Pukul 4 sore ketika Zara hendak kembali pulang menuju apartemennya, paket map coklat terselip dibagian depan kaca mobilnya. Tanpa rasa curiga, Zara mengambil map itu dan melaju menuju apartemen, seakan ini bukan hal aneh baginya.

“Sa, kembali ada yang mengirimiku paket.” Setelah membuka isi map coklat yang tadi terselip di kaca mobilnya, dengan sigap Zara menelfon sahabatnya, Visa.

Oktober tahun lalu, secara misterius Zara mendapat paket berisi hadiah setiap harinya. Bunga, kue, puisi, pakaian, tanpa diketahui siapa pengirimnya. Bersama Habi, Zara mencoba mencari-cari dan mencoba menyelesaikan teka-teki paket misterius itu. Akhir tahun, mereka mendapat titik terang. Namun, disaat yang sama, paket itu berhenti datang.

“Zara sekarang tenang dulu, minum” ditelfon Visa berusaha menenangkan Zara.

“Kali ini paketnya bukan berisi hadiah, tapi foto dan surat.” Suara Zara patah-patah, dia benar-benar ketakutan.

“Visa kesana sekarang, Zara tenang dulu.” Diujung kalimat tersebut, Visa menutup telfon.

Zara mengambil minum, menenggelamkan mata lamat-lamat pada foto tersebut. Kemudian menatap keluar jendela apartemennya yang langsung menghadap matahari yang terbenam disambut lampu-lampu kota yang mulai berkelip. Di kota ini, bandara kota ini, tiga tahun lalu ia menghadapi perpisahan yang amat dalam. Dengan pujaan hatinya, keluarganya, masa lalunya, dirinya.

“Assalamualaikum, maaf ya lama, macet banget” Zara menghampirinya. Kemudian Visa memeluk Zara diujung pintu

“Waalaikumsalam, Ingat Sa?” melepas pelukan Visa, Zara menutup pintu yang dari tadi ia biarkan terbuka sambil menyerahkan sebuah foto

“Zandi” jawaban singkat dari Visa bagai menepuk hati Zara kuat-kuat, raut mukanya berubah, pucat pasi, Zara terlihat lemas.

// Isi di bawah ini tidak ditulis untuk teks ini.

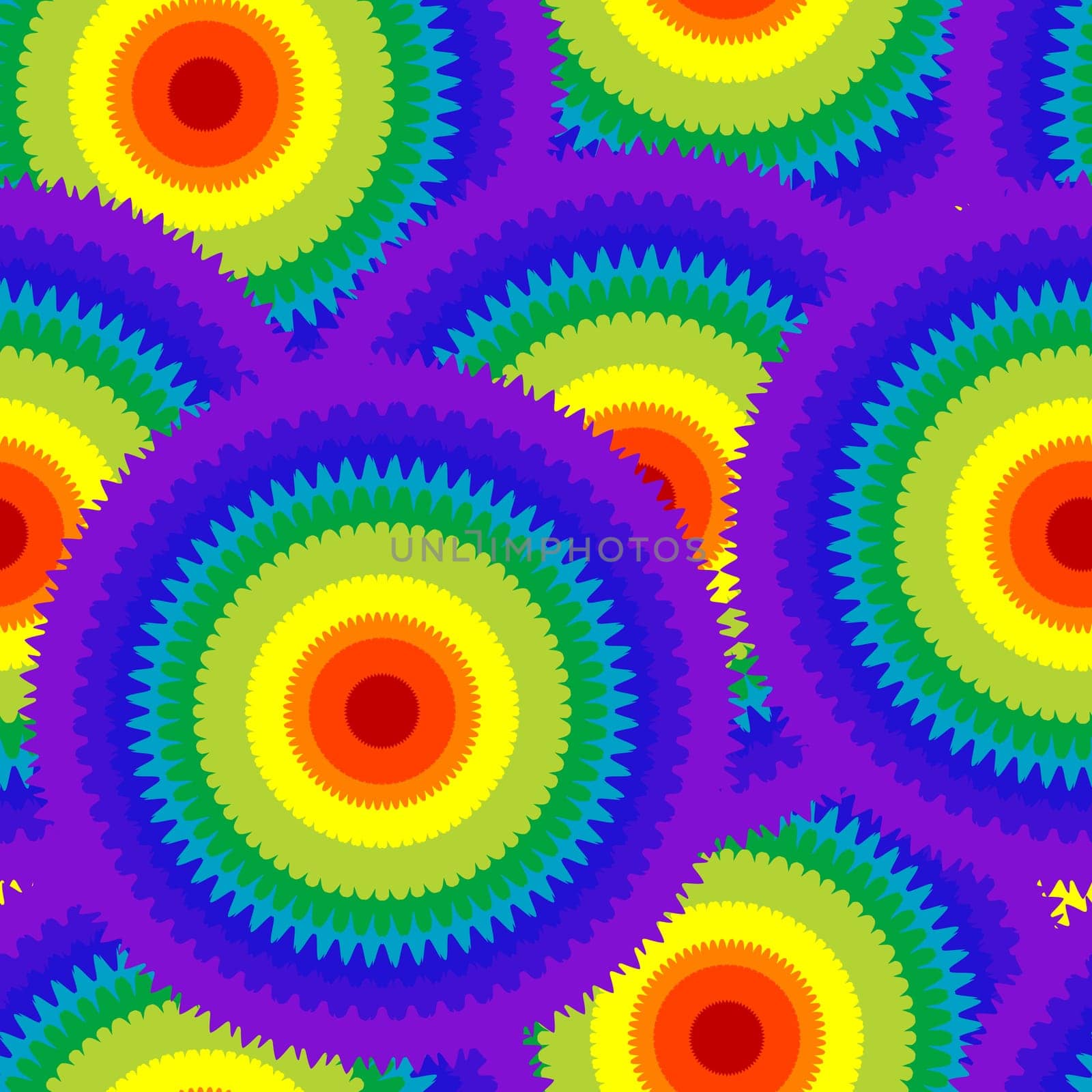 Concentric circles in the colors of the chakras seamless pattern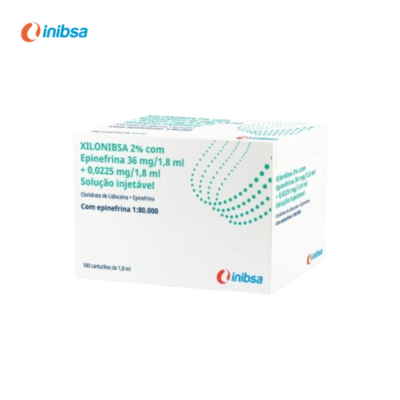 XILONIBSA 2% - 1:80 000 - 20 mg de lidocaína + 0,0125 mg de epinefrina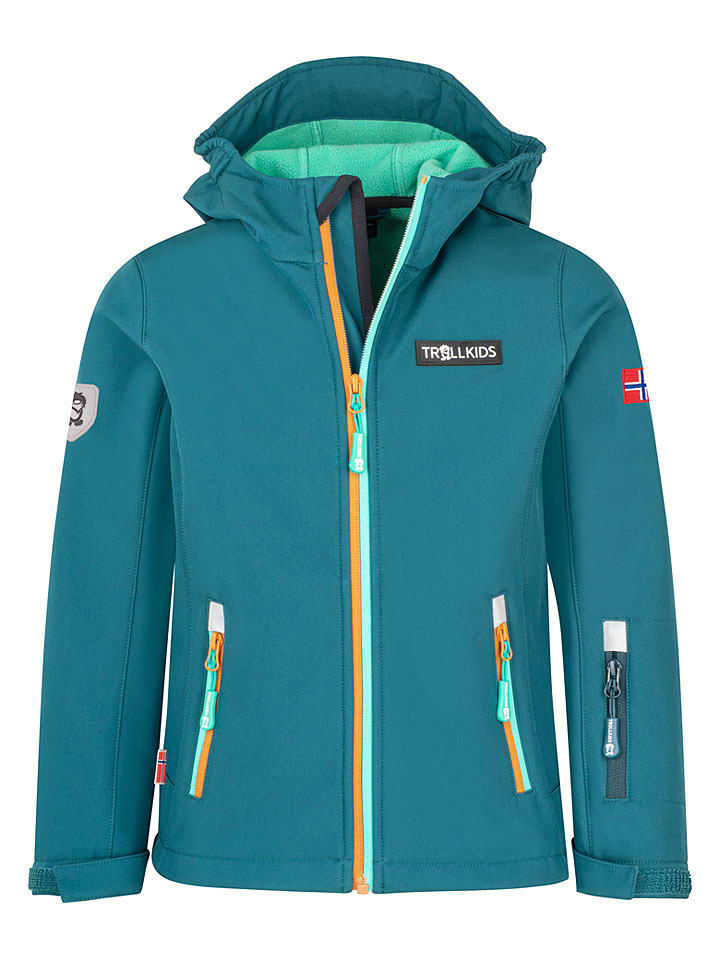 Trollkids Softshelljacke "Oslofjord" in Türkis - 128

“Aku masih ingat saat-saat kamu menceritakan tentang dia, saat kamu dekat begitu lama, hingga saat kalian berpacaran. Dimana kamu pernah berjuang begitu keras menghadapi setiap masalah yang kalian dapat, saat kita masih bersama Ratna.” Visa menepuk-nepuk pundak Zara sambil berjalan menuju sofa

“itu dulu” Zara menjawab pelan hampir tak dengar.

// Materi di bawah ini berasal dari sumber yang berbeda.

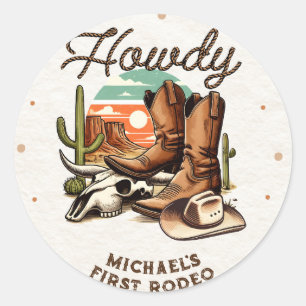 Sticker Rond Vacher Western Rodeo Anniversaire Enfants 
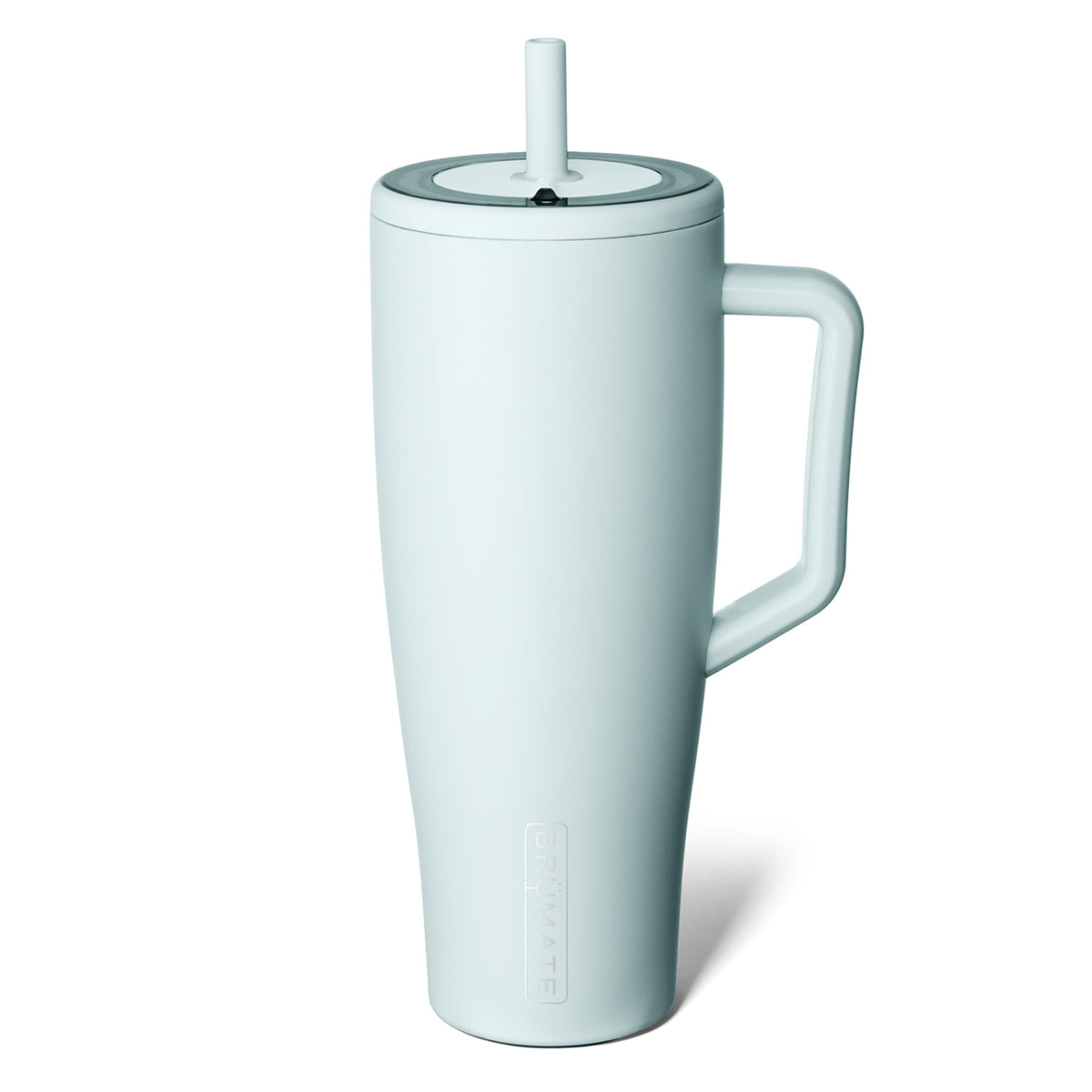 BrüMate Era 40oz Tumbler in Blue Agave with handle for easy carry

“Kamu tidak bisa melupakan semuanya Zara, kamu perlu mengiklaskannya” Visa mencoba menenangkan Zara, ia tau persis apa yang terjadi

Visa adalah sahabat Zara sejak SMA, mereka begitu dekat bagai pinang dibelah dua, tidak sama sempurna tapi mereka kenal setiap lekuknya. 

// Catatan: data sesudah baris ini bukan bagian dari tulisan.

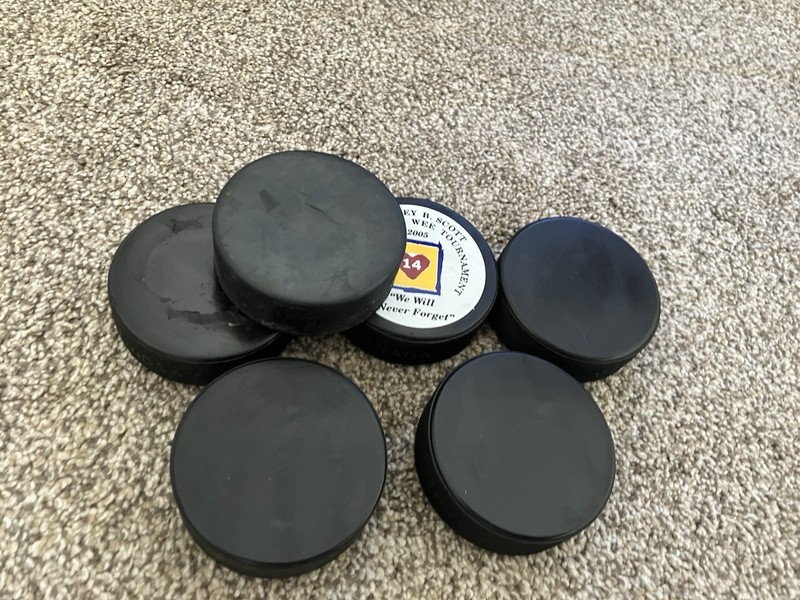 Ice Hockey Pucks, Mixed Lot Of 6 , Used Hockey Pucks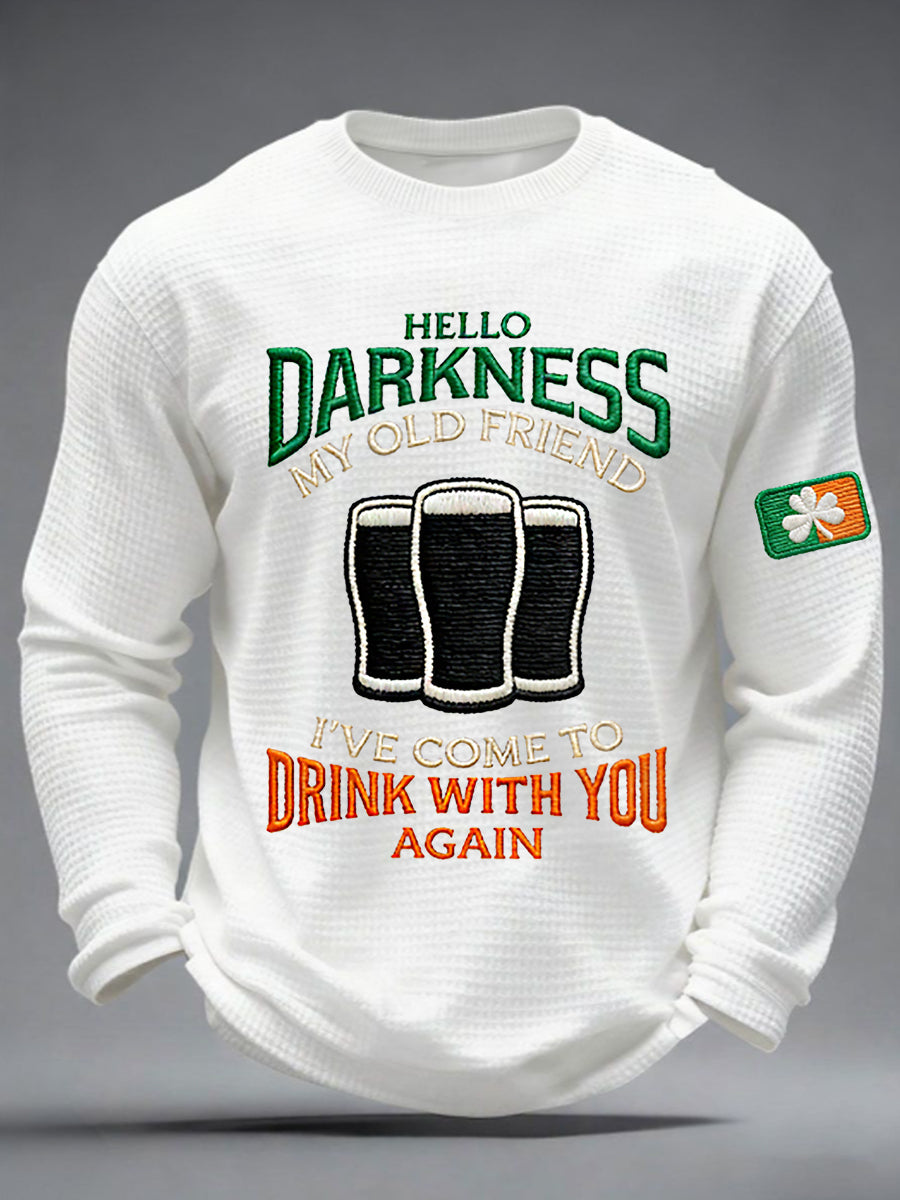 Men's Hello Darkness My Old Friend Waffle Long Sleeve T-Shirt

“Apa mungkin yang selama ini melakukannya adalah dia? Lalu kali ini dia mengirim foto ini sebagai petunjuk bahwa memang dia yang mengirim?”  Zara masih terdiam, kini wajahnya merah padam

“Bukankah kabarnya dia akan melangsungkan lamaran pada akhir tahun ini” Visa menerka-nerka

“Temui aku saat tahun baru, itu isi surat ini, yang datang bersama foto itu” Zara akhirnya menjawab, dia terdengar sinis saat mengatakannya sembari memberi sepucuk surat

“Jelas ini Zara, dia yang mengirimimu hadiah setiap hari selama 3 bulan satu tahun yang lalu dan juga yang mengirim ini semua” Visa menjawab

“Untuk apa Sa? Apa tidak cukup semua yang telah dia lakukan padaku? Aku sudah mengikhlaskannya pergi, kini dia mau menikah aku tidak peduli lagi dengannya.” Zara yang tadinya terdiam lemas kini hadir dengan amarah

“Jawabannya hanya bisa kamu tau saat bertemunya, tahun baru, tepat saat acara reuni SMA kita. Kamu sudah menghubungi Habi?” Visa tetap tenang, karna itu yang diperlukan untuk menghadapi Zara.

Zara mengangguk.

“Zara, apa kamu sungguh-sungguh dengan perkataanmu yang sudah mengiklaskannya?” Pertanyaan Visa kali ini sontak membuat Zara menatap ke arahnya

“Dia mantanku, melihatnya lamaran atau bahkan menikah dengan orang lain sudah tidak berarti apa-apa. Sungguh bukan itu yang membuatku risau” Zara menjawab dengan nada datar, tak ada kemarahan ataupun kesedihan pada tiap katanya.

Visa hanya tersenyum, dia sangat mengenali sahabatnya itu.